One other possible explanation is the huge increase in sports betting in the US in recent years. Just five years ago, Nevada was the only state with legal U.S. sports betting but a Supreme Court ruling in May 2018 gave states the power to legalise and regulate sports betting. It's a constantly increasing number but more than 30 states have legalized some form of U.S. sports betting, with likely more to come.

It could be a blip of course, but as markets open up, and billions of new dollars pours into markets, of course there is going to be some disruption. I'm in California at the moment, (it's Thanksgiving this week, although my in-laws are both currently sick and turkey plans may well be disrupted), and today's New York Times had a feature on the topic: 
Four years ago, betting on live sports was illegal in most of the United States. Now, fans watching games or attending them at stadiums are barraged with advertisements encouraging them to bet on matchups, not just watch as spectators.

This transformation in sports betting started nearly a decade ago, at first with the explosion of wagering on fantasy sports. Then in 2018, the Supreme Court cleared the way for states to legalize wagers on live games.
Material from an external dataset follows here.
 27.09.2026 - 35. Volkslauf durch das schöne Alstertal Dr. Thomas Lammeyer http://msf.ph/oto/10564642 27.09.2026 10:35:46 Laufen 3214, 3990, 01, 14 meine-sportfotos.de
Today, 31 states and Washington, D.C., permit sports gambling either online or in person, and five more states have passed laws that will allow such betting in the future. Professional sports in the U.S. now are part of a multibillion-dollar corporate gambling enterprise.

This shift represents the largest expansion of gambling in United States history.
At least $161 billion in wagers have been placed since sports betting was broadly legalized in the United States. This explosion of gambling is just the start. Betting companies have made clear that the ultimate goal is to bring so-called iGaming to states across the nation, where customers can use their mobile phones to play blackjack, poker and other casino-style games.

California is one of the minority of states with no legal sports betting, but TV shows now openly discuss odds, lines and totals, and 'bad beats' are often featured and while sports betting has always been a part of life here, it's never been so openly discussed. 

When the last World Cup was played, just three states (Nevada, New Jersey, Delaware) had legal sports betting markets, but for the current one:
20.5 million American adults plan to bet $1.8 billion on the 2022 World Cup, per a new report from the American Gaming Association. Three in 10 (29%) of American adults who plan to watch the World Cup intend to wager on the tournament.
Of course, not all the money is too sharp:
If given $50 to bet, most Americans would put their money on the U.S. (24%) to win...

Systems that have worked well for several years in the NBA and NHL are also off to poor starts this season, but touch wood, American Football seems to be its usual self. It's unlikely I'll get to see a game live while I'm here, but with Friday being a holiday for most Americans, and the game starting at 11am local time here, bars should be lively for the US v England game. Whether or not my wife will still be talking to me afterwards remains to be seen.